Instructor Notes
This is a placeholder file. Please add content here.
Introduction
Intention: Step into the narrative
Set up narrative:
- Important upcoming conference presentation
- Time is ticking, the deadline is approaching way too fast
- The talk is almost done, but, critically, we’re missing a picture for the title slide
- It should contain three snowmen, and we’ve exhausted our credits for all generative AI models in previous chats with colleagues
- => Ray tracing a scene to the rescue!
- Issue: we need to try many different iterations of the scene to find the exact right picture. How can we maximise the number of raytraced snowman images before our conference deadline?
- Ray tracing is expensive, but luckily we have access to an HPC system
What we’re doing here:
- Run workflow example for the first time
- Simple
time
measurement to get started - Introduce different perspectives on efficiency
- Core-h and correlation to cost in energy/money
- Either set up the first Slurm job here or in the next episode
Resource Requirements
Objective: Vary one parameter and compare to baseline
Narrative:
- We didn’t use the HPC system in a while
- Not sure how many resources we need and what our HPC system even offer
- How could I look it up again?
- What were the parameters of scheduled jobs again?
- What’s a good first guess for the resources I need for an individual render?
What we’re doing here:
- Learn about Slurm job parameters
- Develop intuition about job size with respect to the cluster
- First impression of whats a “good” amount of resources to request for a job
ToDo
This section is just an info dump, how do we make it useful and approachable?

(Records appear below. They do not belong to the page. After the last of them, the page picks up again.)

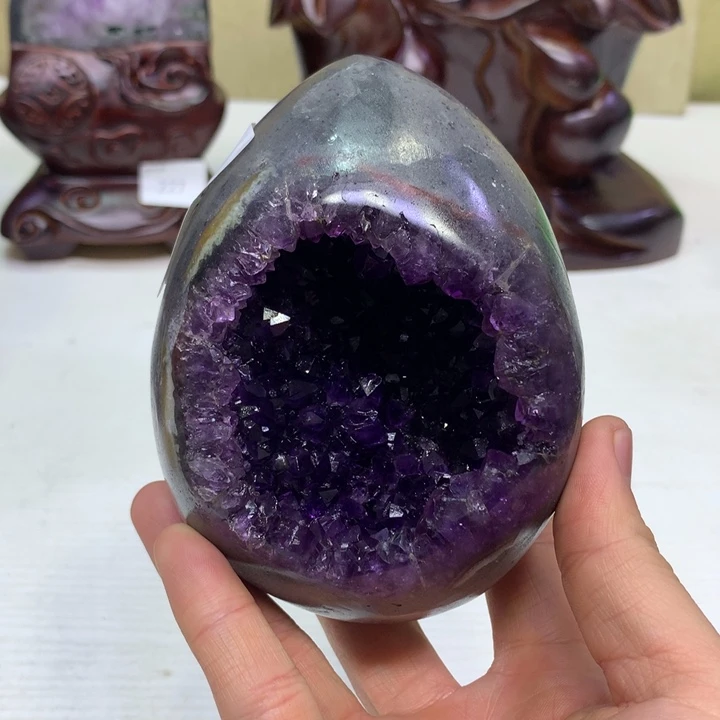 水晶水晶摆件未镶嵌498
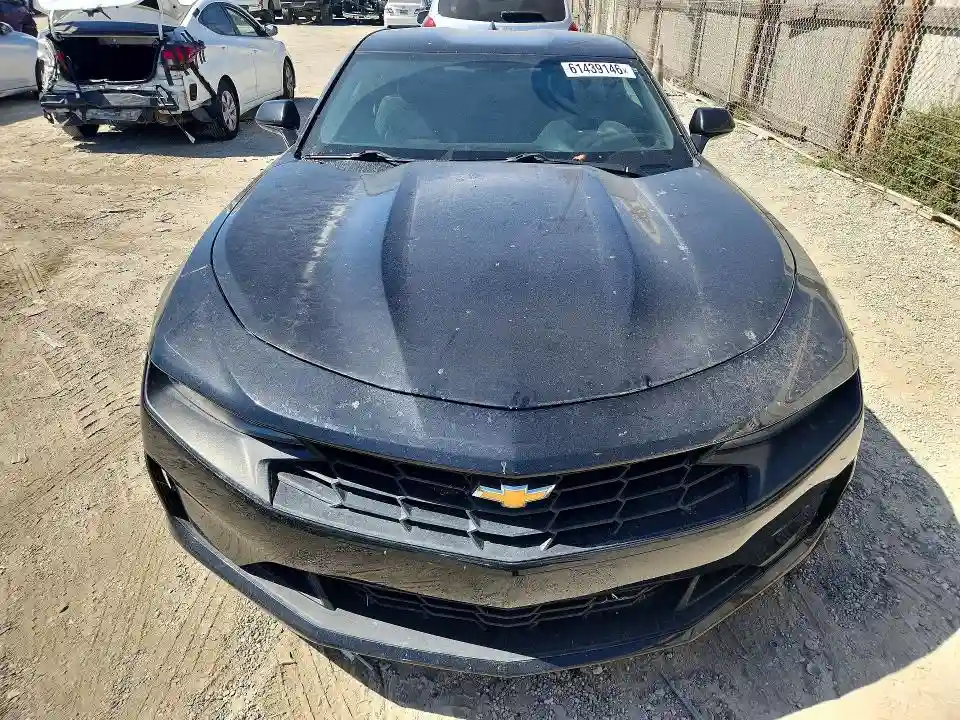 1G1FB1RS2K0105469 2019 CHEVROLET CAMARO-4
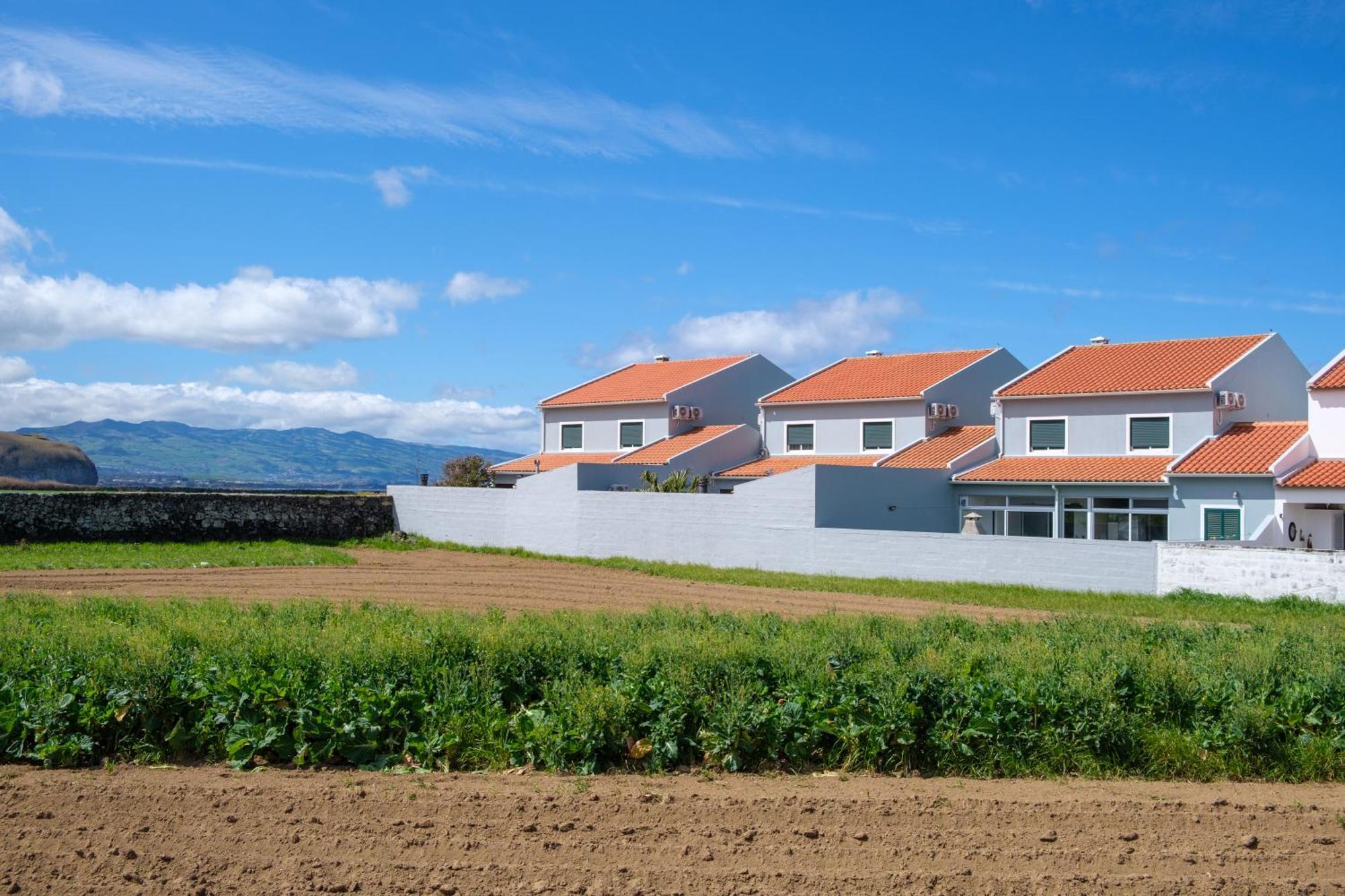 Areal De Santa Barbara Sea View Bed & Breakfast Ribeira Grande Exterior foto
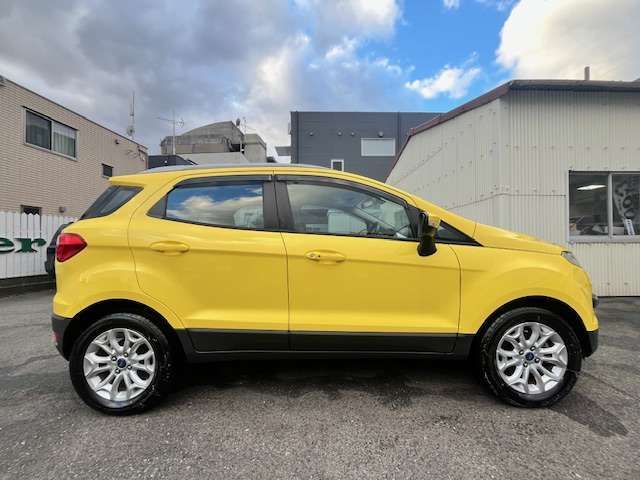 FORD ECOSPORT 2016 Image 31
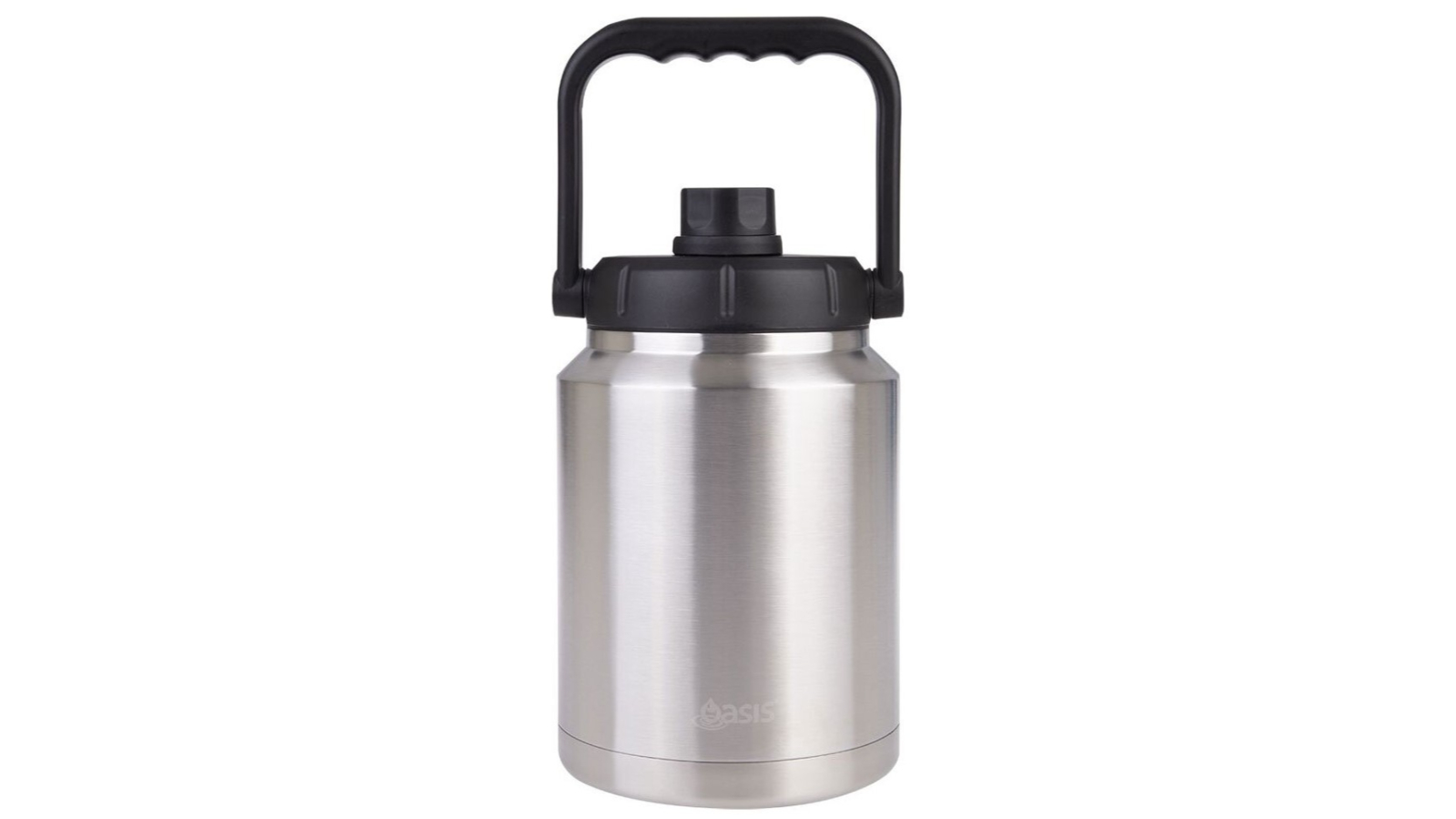 Oasis 2.1 Litre Insulated Mini Jug - Silver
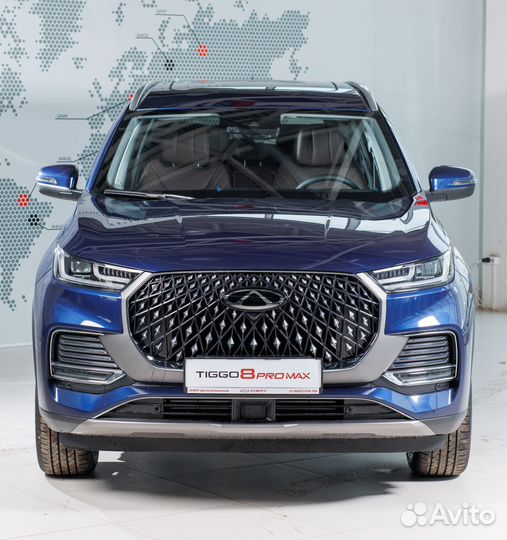 Chery Tiggo 8 Pro Max 2.0 AMT, 2024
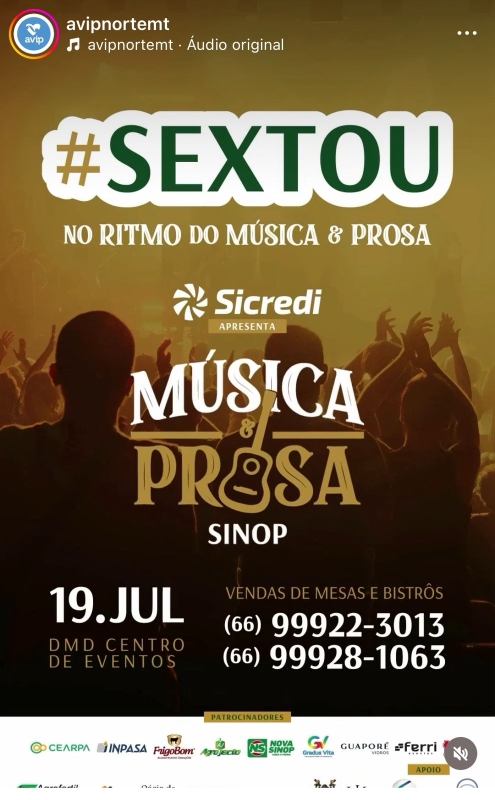 Evento musica-e-prosa
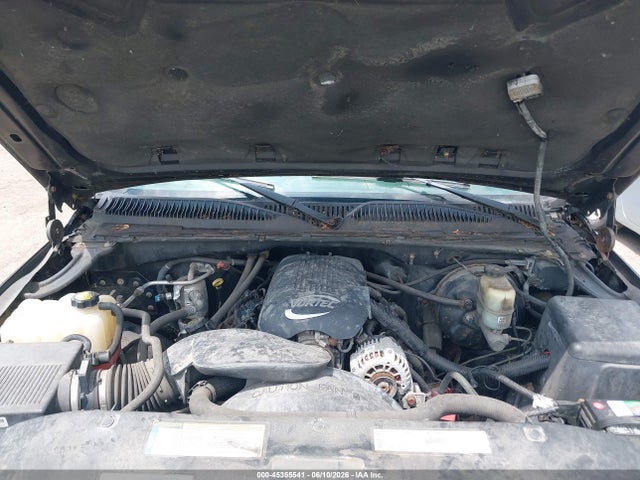 Aukcja sprzedaży 2001 Chevrolet Silverado 1500 Ls, vin: 1GCEK19V91E103295, numer aukcji: 45355541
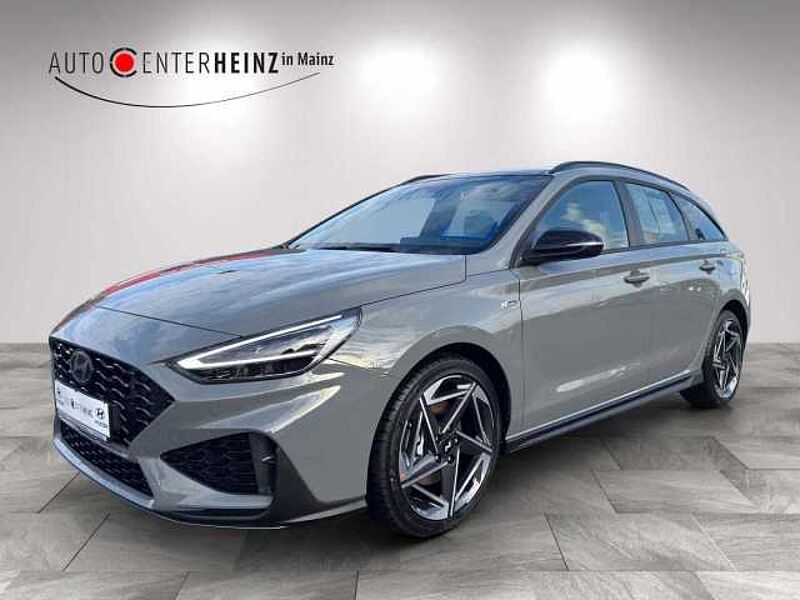Hyundai i30 Kombi 1.5 T-GDI 48V-Hybrid DCT N Line*Panodach* in 55120 Mainz Hyundai i30 Kombi 1.5 T-GDI 48V-Hybrid DCT N Line*Panodach*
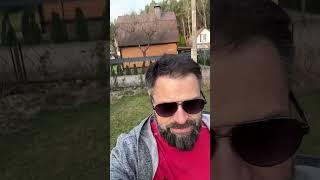 Дачный вайб:) Размышления о собственности на землю и ощущениях. 14 апреля 2025 г. #афрейм #беларусь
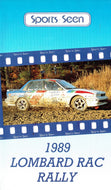 1989 Lombard RAC Rally - Sports Seen - World Rally Championship [VHS]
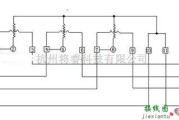 仪器仪表中的三相电度表电路图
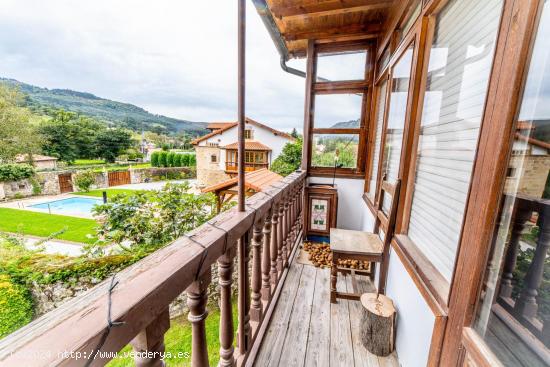 Casona recien reformada en Santiurde de Toranzo - CANTABRIA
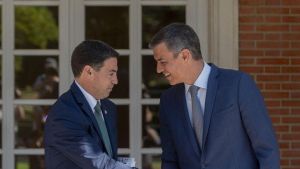 La SEPI prendrà una part minoritària de Talgo amb un crèdit de 75 milions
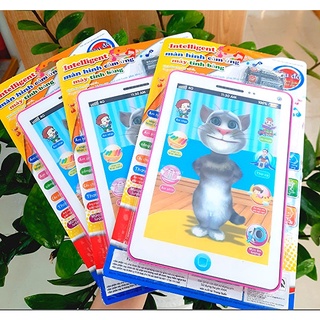 Ipad đồ chơi cảm ứng Mèo Tom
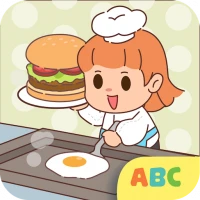 Cute Kitchen Cooking Game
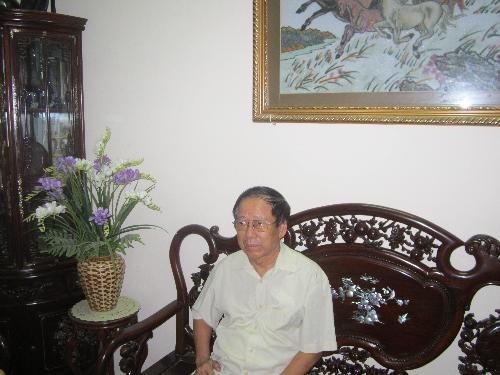 TS. Nguyễn Duy Thịnh.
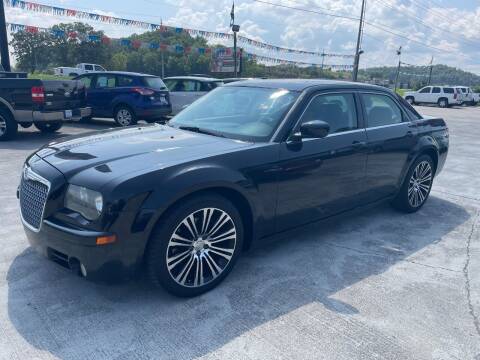 2010 Chrysler 300 for sale at Autoway Auto Center in Sevierville TN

What’s a useful exercise? Maybe put info here in other sections?
Scheduler Tools
Intention: Introduce more basic performance metrics
Narrative:
- Okay, so first couple of jobs ran, but were they “quick enough”?
- How many renders could I generate per minute/hour/day according to the current utilization
- Our cluster uses certain hardware, maybe we didn’t use it as much as we could have?
- But I couldn’t see all metrics (may be cluster dependent) (Energy, Disk I/O, Network I/O?)
What we’re doing here:
- What
seff
andsacct
have to offer - Introduce simple relation to hardware, what does RSS, CPU, Disk read/write and their utilization mean?
- Point out what’s missing from a complete picture
ToDo
Can / should we cover I/O and energy metrics at this point?
E.g. use something like beegfs-ctl
to get a rough
estimate of parallel FS performance. Use pidstat etc. to get numbers on
node-local I/O (and much more)
Scaling Study
Intention: Introduce/Recollect concept of Speedup and do a simple scaling study
Narrative:
- We panic, maybe we need more resources to meet the deadline with our title picture!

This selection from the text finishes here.